» **Brief**
Your answer should be the entire listing, printed exactly.

» **Data section**
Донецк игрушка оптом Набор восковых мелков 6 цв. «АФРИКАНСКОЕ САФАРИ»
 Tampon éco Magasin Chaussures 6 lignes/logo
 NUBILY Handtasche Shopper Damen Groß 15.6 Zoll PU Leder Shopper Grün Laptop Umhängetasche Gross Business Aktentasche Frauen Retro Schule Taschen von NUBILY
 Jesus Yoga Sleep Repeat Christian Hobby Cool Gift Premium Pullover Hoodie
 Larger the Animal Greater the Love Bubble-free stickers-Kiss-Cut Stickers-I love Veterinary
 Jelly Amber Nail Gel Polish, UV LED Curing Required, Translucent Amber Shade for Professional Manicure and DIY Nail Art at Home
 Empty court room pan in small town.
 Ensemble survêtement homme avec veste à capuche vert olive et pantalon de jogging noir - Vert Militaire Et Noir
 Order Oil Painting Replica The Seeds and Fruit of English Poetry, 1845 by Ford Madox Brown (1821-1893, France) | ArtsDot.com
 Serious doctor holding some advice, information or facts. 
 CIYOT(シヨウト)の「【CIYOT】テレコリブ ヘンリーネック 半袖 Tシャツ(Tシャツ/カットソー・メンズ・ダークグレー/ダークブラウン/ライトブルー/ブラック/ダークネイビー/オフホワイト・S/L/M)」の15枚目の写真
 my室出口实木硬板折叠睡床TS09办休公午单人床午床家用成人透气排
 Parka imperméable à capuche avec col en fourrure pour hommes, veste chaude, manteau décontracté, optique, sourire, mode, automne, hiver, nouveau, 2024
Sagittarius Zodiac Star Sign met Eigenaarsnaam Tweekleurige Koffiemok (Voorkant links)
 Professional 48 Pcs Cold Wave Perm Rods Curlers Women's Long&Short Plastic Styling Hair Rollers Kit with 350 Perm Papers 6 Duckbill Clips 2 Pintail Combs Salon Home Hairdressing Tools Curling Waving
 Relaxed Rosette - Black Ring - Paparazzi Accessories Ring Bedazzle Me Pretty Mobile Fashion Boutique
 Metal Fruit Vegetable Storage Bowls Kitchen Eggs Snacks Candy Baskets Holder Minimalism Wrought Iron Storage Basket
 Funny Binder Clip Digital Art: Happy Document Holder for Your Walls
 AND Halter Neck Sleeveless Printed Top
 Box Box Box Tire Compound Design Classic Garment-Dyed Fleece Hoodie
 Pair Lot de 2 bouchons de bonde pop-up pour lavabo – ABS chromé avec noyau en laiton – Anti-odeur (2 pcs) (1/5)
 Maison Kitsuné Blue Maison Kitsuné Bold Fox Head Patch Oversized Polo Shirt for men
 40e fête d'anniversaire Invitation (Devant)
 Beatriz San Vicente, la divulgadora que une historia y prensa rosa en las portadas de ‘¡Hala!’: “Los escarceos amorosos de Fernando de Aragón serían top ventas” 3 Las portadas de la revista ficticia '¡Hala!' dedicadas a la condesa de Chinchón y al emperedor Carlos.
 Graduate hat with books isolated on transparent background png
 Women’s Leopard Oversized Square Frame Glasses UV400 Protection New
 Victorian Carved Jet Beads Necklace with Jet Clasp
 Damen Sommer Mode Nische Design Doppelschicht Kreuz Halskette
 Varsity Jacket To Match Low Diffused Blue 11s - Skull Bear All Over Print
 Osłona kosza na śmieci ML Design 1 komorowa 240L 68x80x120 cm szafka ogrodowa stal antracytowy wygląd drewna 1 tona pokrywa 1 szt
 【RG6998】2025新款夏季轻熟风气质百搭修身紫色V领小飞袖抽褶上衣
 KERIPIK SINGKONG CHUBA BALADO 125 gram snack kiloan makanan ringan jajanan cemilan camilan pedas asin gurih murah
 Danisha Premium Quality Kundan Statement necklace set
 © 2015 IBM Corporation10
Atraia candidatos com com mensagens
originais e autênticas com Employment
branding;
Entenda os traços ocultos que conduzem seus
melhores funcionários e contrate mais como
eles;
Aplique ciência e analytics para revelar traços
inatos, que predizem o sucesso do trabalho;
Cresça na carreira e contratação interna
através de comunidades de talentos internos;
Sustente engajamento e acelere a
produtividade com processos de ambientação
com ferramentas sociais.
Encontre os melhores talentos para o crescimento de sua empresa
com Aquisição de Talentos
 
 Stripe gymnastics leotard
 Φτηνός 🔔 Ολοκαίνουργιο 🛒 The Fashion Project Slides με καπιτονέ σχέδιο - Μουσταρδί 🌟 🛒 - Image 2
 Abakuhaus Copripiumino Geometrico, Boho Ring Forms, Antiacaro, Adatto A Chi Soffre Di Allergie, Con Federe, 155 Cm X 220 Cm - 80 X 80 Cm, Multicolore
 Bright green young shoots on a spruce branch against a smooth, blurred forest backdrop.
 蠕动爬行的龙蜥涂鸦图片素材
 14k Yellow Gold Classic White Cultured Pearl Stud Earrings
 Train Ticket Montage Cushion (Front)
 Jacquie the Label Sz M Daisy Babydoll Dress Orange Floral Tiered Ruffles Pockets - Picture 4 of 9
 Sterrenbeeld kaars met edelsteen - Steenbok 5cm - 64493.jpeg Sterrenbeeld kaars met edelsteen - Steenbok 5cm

» **Reply**
Донецк игрушка оптом Набор восковых мелков 6 цв. «АФРИКАНСКОЕ САФАРИ»
 Tampon éco Magasin Chaussures 6 lignes/logo
 NUBILY Handtasche Shopper Damen Groß 15.6 Zoll PU Leder Shopper Grün Laptop Umhängetasche Gross Business Aktentasche Frauen Retro Schule Taschen von NUBILY
 Jesus Yoga Sleep Repeat Christian Hobby Cool Gift Premium Pullover Hoodie
 Larger the Animal Greater the Love Bubble-free stickers-Kiss-Cut Stickers-I love Veterinary
 Jelly Amber Nail Gel Polish, UV LED Curing Required, Translucent Amber Shade for Professional Manicure and DIY Nail Art at Home
 Empty court room pan in small town.
 Ensemble survêtement homme avec veste à capuche vert olive et pantalon de jogging noir - Vert Militaire Et Noir
 Order Oil Painting Replica The Seeds and Fruit of English Poetry, 1845 by Ford Madox Brown (1821-1893, France) | ArtsDot.com
 Serious doctor holding some advice, information or facts. 
 CIYOT(シヨウト)の「【CIYOT】テレコリブ ヘンリーネック 半袖 Tシャツ(Tシャツ/カットソー・メンズ・ダークグレー/ダークブラウン/ライトブルー/ブラック/ダークネイビー/オフホワイト・S/L/M)」の15枚目の写真
 my室出口实木硬板折叠睡床TS09办休公午单人床午床家用成人透气排
 Parka imperméable à capuche avec col en fourrure pour hommes, veste chaude, manteau décontracté, optique, sourire, mode, automne, hiver, nouveau, 2024
Sagittarius Zodiac Star Sign met Eigenaarsnaam Tweekleurige Koffiemok (Voorkant links)
 Professional 48 Pcs Cold Wave Perm Rods Curlers Women's Long&Short Plastic Styling Hair Rollers Kit with 350 Perm Papers 6 Duckbill Clips 2 Pintail Combs Salon Home Hairdressing Tools Curling Waving
 Relaxed Rosette - Black Ring - Paparazzi Accessories Ring Bedazzle Me Pretty Mobile Fashion Boutique
 Metal Fruit Vegetable Storage Bowls Kitchen Eggs Snacks Candy Baskets Holder Minimalism Wrought Iron Storage Basket
 Funny Binder Clip Digital Art: Happy Document Holder for Your Walls
 AND Halter Neck Sleeveless Printed Top
 Box Box Box Tire Compound Design Classic Garment-Dyed Fleece Hoodie
 Pair Lot de 2 bouchons de bonde pop-up pour lavabo – ABS chromé avec noyau en laiton – Anti-odeur (2 pcs) (1/5)
 Maison Kitsuné Blue Maison Kitsuné Bold Fox Head Patch Oversized Polo Shirt for men
 40e fête d'anniversaire Invitation (Devant)
 Beatriz San Vicente, la divulgadora que une historia y prensa rosa en las portadas de ‘¡Hala!’: “Los escarceos amorosos de Fernando de Aragón serían top ventas” 3 Las portadas de la revista ficticia '¡Hala!' dedicadas a la condesa de Chinchón y al emperedor Carlos.
 Graduate hat with books isolated on transparent background png
 Women’s Leopard Oversized Square Frame Glasses UV400 Protection New
 Victorian Carved Jet Beads Necklace with Jet Clasp
 Damen Sommer Mode Nische Design Doppelschicht Kreuz Halskette
 Varsity Jacket To Match Low Diffused Blue 11s - Skull Bear All Over Print
 Osłona kosza na śmieci ML Design 1 komorowa 240L 68x80x120 cm szafka ogrodowa stal antracytowy wygląd drewna 1 tona pokrywa 1 szt
 【RG6998】2025新款夏季轻熟风气质百搭修身紫色V领小飞袖抽褶上衣
 KERIPIK SINGKONG CHUBA BALADO 125 gram snack kiloan makanan ringan jajanan cemilan camilan pedas asin gurih murah
 Danisha Premium Quality Kundan Statement necklace set
 © 2015 IBM Corporation10
Atraia candidatos com com mensagens
originais e autênticas com Employment
branding;
Entenda os traços ocultos que conduzem seus
melhores funcionários e contrate mais como
eles;
Aplique ciência e analytics para revelar traços
inatos, que predizem o sucesso do trabalho;
Cresça na carreira e contratação interna
através de comunidades de talentos internos;
Sustente engajamento e acelere a
produtividade com processos de ambientação
com ferramentas sociais.
Encontre os melhores talentos para o crescimento de sua empresa
com Aquisição de Talentos
 
 Stripe gymnastics leotard
 Φτηνός 🔔 Ολοκαίνουργιο 🛒 The Fashion Project Slides με καπιτονέ σχέδιο - Μουσταρδί 🌟 🛒 - Image 2
 Abakuhaus Copripiumino Geometrico, Boho Ring Forms, Antiacaro, Adatto A Chi Soffre Di Allergie, Con Federe, 155 Cm X 220 Cm - 80 X 80 Cm, Multicolore
 Bright green young shoots on a spruce branch against a smooth, blurred forest backdrop.
 蠕动爬行的龙蜥涂鸦图片素材
 14k Yellow Gold Classic White Cultured Pearl Stud Earrings
 Train Ticket Montage Cushion (Front)
 Jacquie the Label Sz M Daisy Babydoll Dress Orange Floral Tiered Ruffles Pockets - Picture 4 of 9
 Sterrenbeeld kaars met edelsteen - Steenbok 5cm - 64493.jpeg Sterrenbeeld kaars met edelsteen - Steenbok 5cm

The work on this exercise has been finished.